Pemerintah Target Bisa Simpan Data di Cloud Milik Negara pada 2022
Kementerian Komunikasi dan Informatika (Kominfo) mengatakan, pemerintah bakal membuat komputasi awan (cloud) milik negara. Infrastruktur berbasis digital itu ditarget rampung pada 2022.
Direktur Jenderal (Dirjen) Aplikasi Informatika Kementerian Kominfo Semuel Abrijani Pangerapan mengatakan, pemerintah memiliki banyak data saat ini dan bakal terus meningkat. Karena itu, pemerintah butuh infrastruktur khusus untuk menyimpan data-data ini, salah satunya melalui komputasi awan (cloud).
"Cloud ini bakal dikelola oleh pemerintah untuk menyimpan data-data strategis dan juga layanan umum,” kata dia saat konferensi pers Forum Merdeka Barat (FMB) 9 di kantornya, Senin (4/11). Hal ini sudah sesuai dengan Peraturan Presiden (Perpres) Nomor 95 Tahun 2018 tentang Sistem Pemerintahan Berbasis Elektronik (SPBE).
Langkah ini juga penting untuk menjaga data-data strategis tetap ada di Tanah Air. Begitu juga dengan penyelenggara sistem elektronik (PSE) atau perusahaan berbasis digital yang ingin menggunakan layanan cloud dari pihak ketiga, maka wajib mengklasifikasikan datanya terlebih dahulu.
(Baca: Platform Transaksi Digital Wajib Terdaftar & Data Center di Indonesia)
Sebab, data strategis tidak boleh ditempatkan di layanan cloud milik pihak ketiga yang berbasis di luar negeri.
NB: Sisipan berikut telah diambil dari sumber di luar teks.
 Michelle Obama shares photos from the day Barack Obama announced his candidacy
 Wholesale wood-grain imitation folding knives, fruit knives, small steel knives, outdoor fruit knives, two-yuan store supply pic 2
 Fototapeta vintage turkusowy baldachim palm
Data-data itu harus disimpan di cloud milik negara.
Karena itu, infrastruktur milik pemerintah bakal memuat empat pusat data. Namun, Semuel enggan merinci keempat bagian cloud itu.
Dia juga tidak mau menjelaskan terkait anggaran ataupun lokasi cloud pemerintah bakal dibangun. Semuel hanya mengungkapkan bahwa dana investasi itu akan ada di bawah Badan Perencanaan Pembangunan Nasional (Bappenas). "Kami akan segera informasikan lebih lanjut," katanya.
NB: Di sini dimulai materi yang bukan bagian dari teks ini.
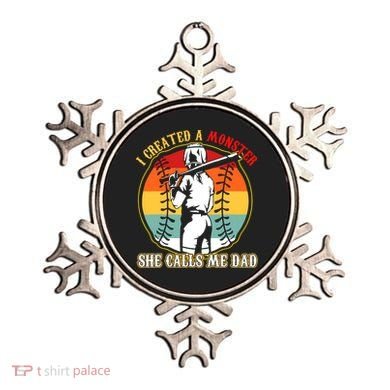 I Created A Monster She Call Me Dad Softball Baseball Lover Ornament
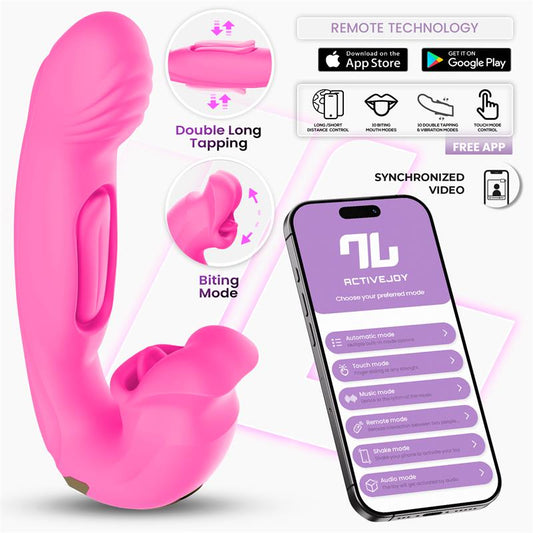 INTOYOU APP SERIES - BIMBY BITING AND DOUBLE TONGUE TAPPING VIBRATOR WITH APP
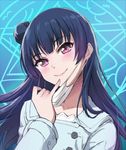  bangs blue_background blue_hair blue_jacket blunt_bangs blush buttons closed_mouth collarbone commentary_request eyebrows_visible_through_hair face_mask head_tilt jacket lips long_hair long_sleeves looking_at_viewer love_live! love_live!_sunshine!! magic_circle mask mask_pull mask_removed pink_eyes pinky_out side_bun smile solo surgical_mask tonee tsushima_yoshiko upper_body 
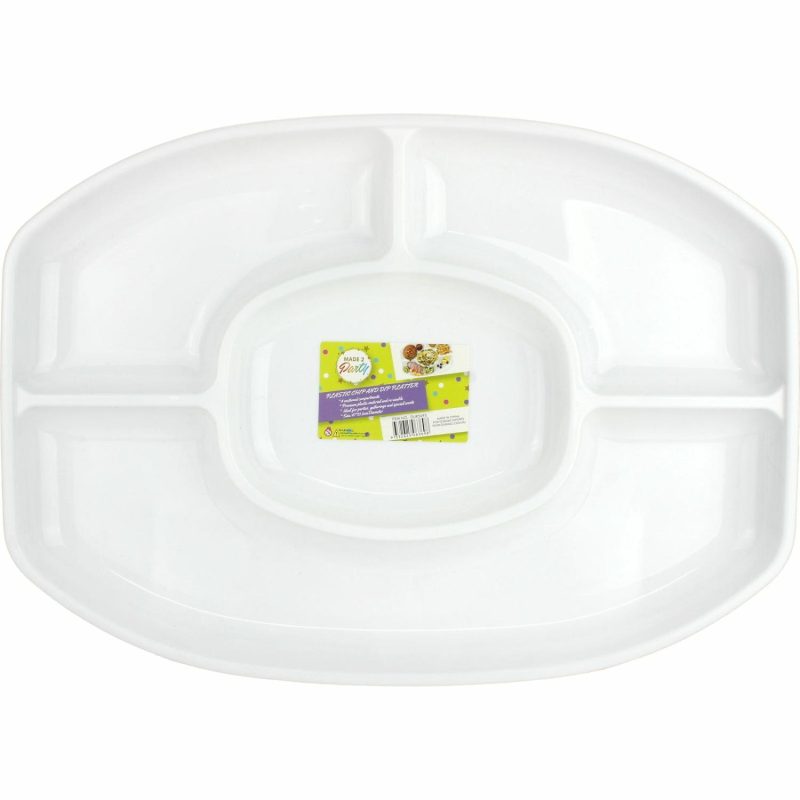 Plates, Platters & Bowls | White Plastic Chip And Dip Oval Platter 47Cm Catering & Kitchen Plates, Platters & Bowls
Sejalan dengan rencana itu, data publik yang ada di luar negeri saat ini harus segera dibawa kembali ke Tanah Air. Perusahaan boleh menyimpan data penting itu di layanan cloud milik pihak ketiga, jika ada persoalan khusus.
(Baca: Menkominfo Dorong Penyederhanaan Jumlah Data Center di Indonesia)
Ia mencontohkan, Badan Meteorologi, Klimatologi, dan Geofisika (BMKG) menggunakan data-data dari satelit dan peneliti, sehingga informasi itu disimpan di Google Cloud. Toh, pemerintah belum memiliki layanan cloud untuk menyimpan data-data seputar bencana. Apalagi, ketika terjadi bencana, permintaan data cukup tinggi sehingga butuh layanan cloud dengan kapasitas besar.
Tanpa kapasitas penyimpanan data yang besar, situs BMKG bisa eror karena permintaan tinggi. "Kami ingin memproses (data) BMKG itu harus ada di Indonesia. Boleh ditempatkan di cloud tetapi ada di Indonesia," katanya.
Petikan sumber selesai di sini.